4. If you are expecting us to hold your hand through the writing process or do your research for you, we are not the publisher for you. We provide editing for grammar, typos, and content, formatting, printing, and some light marketing. We are not in the business of writing the book for you, nor cheering you and providing validation while you write it. Writing is a solitary art. Much like magick.
5. If you don’t want to market yourself, we are not the publisher for you.

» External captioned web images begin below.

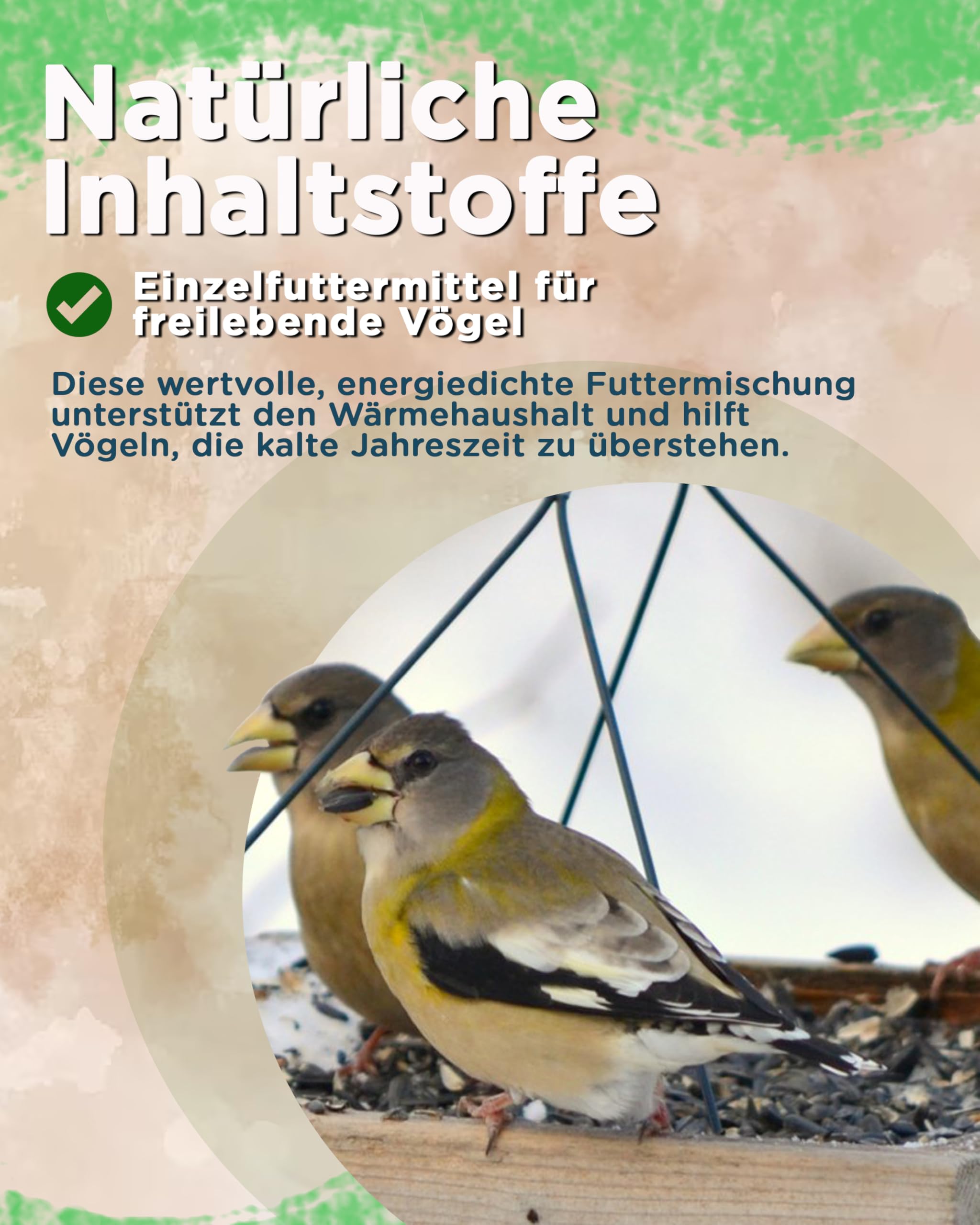 Futterbauer Fettfutter 25 kg, Energiereiches Ergänzungsfutter für Wildvögel, Unterstützt Wärmehaushalt, Ideal für Weichfresser
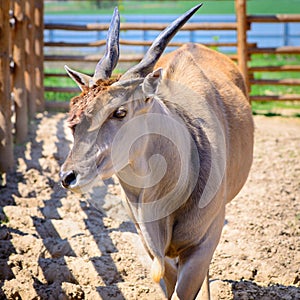 Antelope eland animal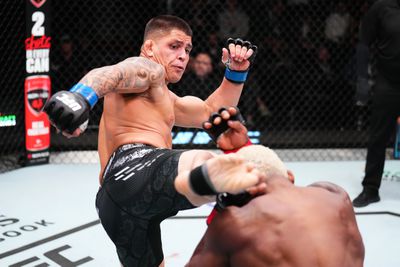 UFC Fight Night: Hawes v Ferreira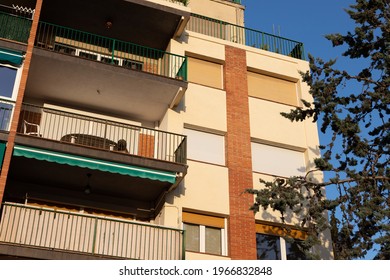 Dog Barking On A Terrace. Dog Is Closed Outside By Owners. Sad, Angry And Scared Dog Barking Alone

6. If you have a lot of demands regarding cover art, require constant sales reporting (more than once a month), or have expectations of making a lot of money, we are not the publisher for you. Most of our chapbooks, the bestselling ones, rarely sell more than 50 units per month. Release months may (or may not) generate up to 100 sales in a month, but usually that’s because the book has a popular keyword in the title (Satan, Lucifer). Sales will eventually even out or taper off. That’s usually how it works.
7. If you want your graphic heavy book in ebook, we may not be the publisher for you. A book has to be fantastic and over 150 pages for us to spend the money on ebook formatting with graphics, which costs us more in production because we have to hire it out.
8. If you are expecting your book to come out immediately, or are impatient and want it released in under 6 months, we may not be the publisher for you. Putting together a book can take time, and it will often take anywhere from 6 months to 1 year for a book to go from acceptance to publication. There is a lot that needs to be done. Cover art, editing, formatting, etc… Not to mention that your book is not the only book on our plate. Our small staff can manage to put out 12 titles in a year and our publishing schedule is planned in one-year increments. We sometimes squeeze in new projects here and there.
SUBMISSION GUIDELINES:
Submission email: darkerwoodpublishing@gmail.com
Please only submit packages for completed books, because if we like your initial submission package, we’ll want to see the full MS right away. If the full MS is not ready, we will reject your submission package. The submission package should include:
- Standard Query Letter including author credentials, publication credits, length of completed manuscript and a description of the work being submitted.
- Full Synopsis with every chapter outlined. No more than five pages, please.
- The first chapter of the book so we can get a feel for the author’s writing style.
IF we are interested, THEN we will ask to see a completed manuscript. Please allow up to four months for a response. Thank you.
Now on to some facts about how we choose what to publish:
1. We want books that are innovative and show a love and deep knowledge of Daemonic Magick and/or Daemonolatry, written by experienced practitioners.
2. If it is poorly written or needs excessive editing or rewriting, it will be rejected.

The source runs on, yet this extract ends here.